Disasters of any kind, including the human-induced ones, are unpredictable, potentially life-threatening, and costly. The aftermath (strictly from an IT perspective) is downtime lasting up to several days, loss of data, and equipment – all leading to billions of dollars in losses. Indirect costs are even higher – loss of business continuity due to a disaster can result in a poor reputation for the company and affect business prospects.
Disaster Recovery and Network Downtime
Network downtime is one of the chief consequences of a disaster, or sometimes even the root cause of it. A University of Chicago study of more than 500 unplanned IT outages showed that networking failures are the second-most-common root cause. It is also one that’s the hardest to recover from; digital businesses that are entirely dependent on their network are the worst hit. For every minute that the network is down, a company loses more than 5000 dollars.
How costly is network downtime?
- The average cost of network downtime is $5600* a minute, or $300K an hour.*
- 93% of companies which experience a downtime of 10 days or more due to a disaster file bankruptcy within 12 months of the event.**
- The airline industry alone has experienced several high-profile outages, including a Southwest Airlines router failure that led to an estimated $54 million to $82 million in lost revenue and increased costs
- Hosting company Peak Web suffered a 10-hour network outage, ultimately leading to its bankruptcy .
*source: the U.S. National Archives & Records Administration.
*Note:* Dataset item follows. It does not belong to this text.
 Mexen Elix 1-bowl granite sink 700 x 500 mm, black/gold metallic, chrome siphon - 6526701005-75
To mitigate the impact of a disaster and to recover from it with minimum losses, it is essential for businesses to have a sound DR (disaster recovery) plan, one that takes into account the data, systems, and personnel. Disaster recovery is a crucial aspect of business continuity planning (BCM), and should be formulated with utmost care. Ideally, a DR plan should have the following action items:
Key Ingredients in a DR Plan:
Inventory all assets: Most enterprises inventory their hardware and software periodically, but for a DR plan, it has to be more thorough. Assets inventoried should include applications and services, virtual machines, and all the IT and network components along with the contact details of the vendors’ technical support teams.
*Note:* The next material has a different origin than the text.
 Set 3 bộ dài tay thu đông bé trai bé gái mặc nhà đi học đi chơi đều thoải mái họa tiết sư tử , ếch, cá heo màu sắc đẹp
Take regular backups: Backup enterprise data, core device configurations, and other critical files, and store them preferably in the cloud or in magnetic backup tapes stored offsite. The backed-up information, when restored, will help you quickly get back up on your feet. Most large enterprises usually have a backup data center – a replica of the primary data center with data syncing continuously between the two – at a location far away from the primary data center. In case of a disaster, all operations quickly failover from the primary to the backup data center, preventing significant losses.
Analyze your tolerance to downtime: If yours is an enterprise that does millions of transactions a day, you can certainly not afford to be down for more than a few seconds – any more than that would be financially and morally debilitating. It’s important that you define your RTOs (Recovery Time Objective – the targeted time within which a company’s business processes be restored) and RPOs (Recovery Point Objective – the maximum duration admissible between the last backup and the time of disaster, which could have led to irreversible data loss), and accordingly negotiate the SLAs (Service Level Agreements) with both your vendors and customers.
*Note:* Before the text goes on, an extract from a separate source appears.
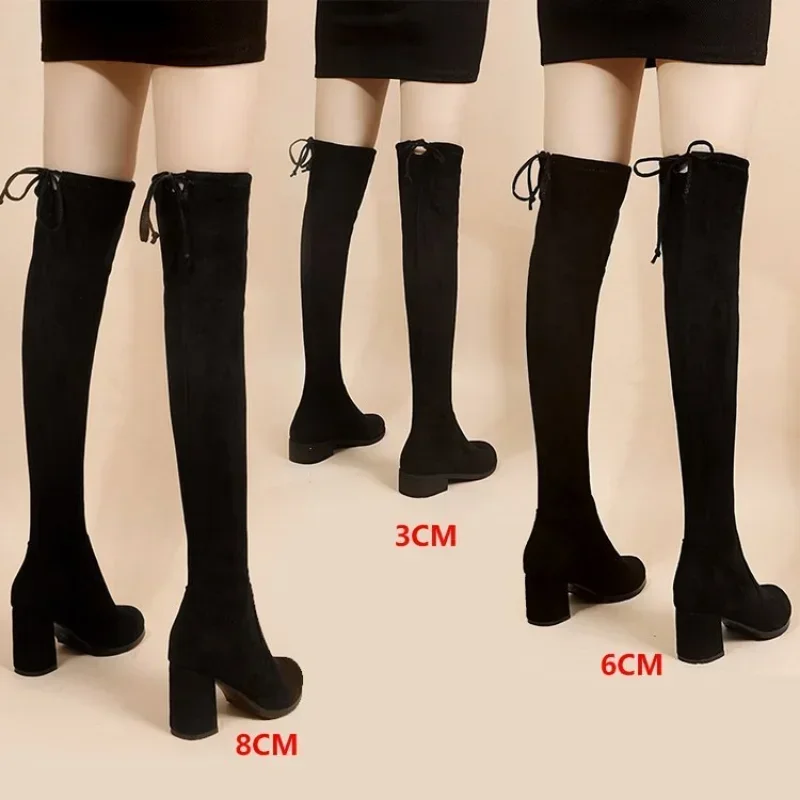 Faux Suede Female Heels Autumn Zipper Elastic Knee-high Boots for Women Tube Lace-up Thigh Gigh Boots Black Botas Mujer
Identify mission-critical applications and services: There are bound to be some applications and services that are the backbone of your business – these are the ones that need to be made available at the earliest following a disaster. Identifying such services will help you structure your DR plan by prioritizing those activities involved in bringing them online.
Have a clear protocol for personnel safety and communication: It’s not easy to stay calm and make sensible decisions when things are burning around you. This is why it’s crucial to devise a proper coordination strategy with clearly defined roles and responsibilities for the personnel. The protocol for a DR plan should include things like where to assemble, whom to contact, and the communication channels to be used, in case of an emergency.
Testing the DR Plan
96% of companies with a tried-and-tested Disaster Recovery Plan came through ransonware attacks unhurt.
DR plans are useful only as long as they work. The effectiveness of a DR plan can be established by conducting routine DR drills in a controlled environment. While frequent DR drills can take a toll on business productivity, not doing one at all can have major repercussions on the business in the event of a disaster. It’s recommended that enterprises conduct a minimum of two DR drills a year. The DR drills help:
- Poke and plug holes – potential failures, shortcomings, and threats in the DR plan
- Identify the actual disaster recovery metrics – RPOs, RTOs, and MTTR (Mean Time To Recovery) and compare them with the targeted metrics to improve the plan
- Test the level of data and device security during the restoration process
- Test and improve the readiness of personnel in case of an actual disaster
- In auditing and meeting regulatory compliance policies
- Constantly update the DR plan based on business changes
However, for many companies, their first DR drill is during an actual disaster. A study shows that 36% of the companies don’t test their DR plan at all, and while the rest do, most of them aren’t very thorough in their disaster recovery drills. Below are a few reasons for the lack of frequent DR drills:
- A lot of the processes involved in a DR drill are manual. Simulating conditions of a disaster, like disabling applications and taking systems and devices offline, taking backups of data and device configurations, and failing over to the backup data center – all of these activities require tremendous human effort.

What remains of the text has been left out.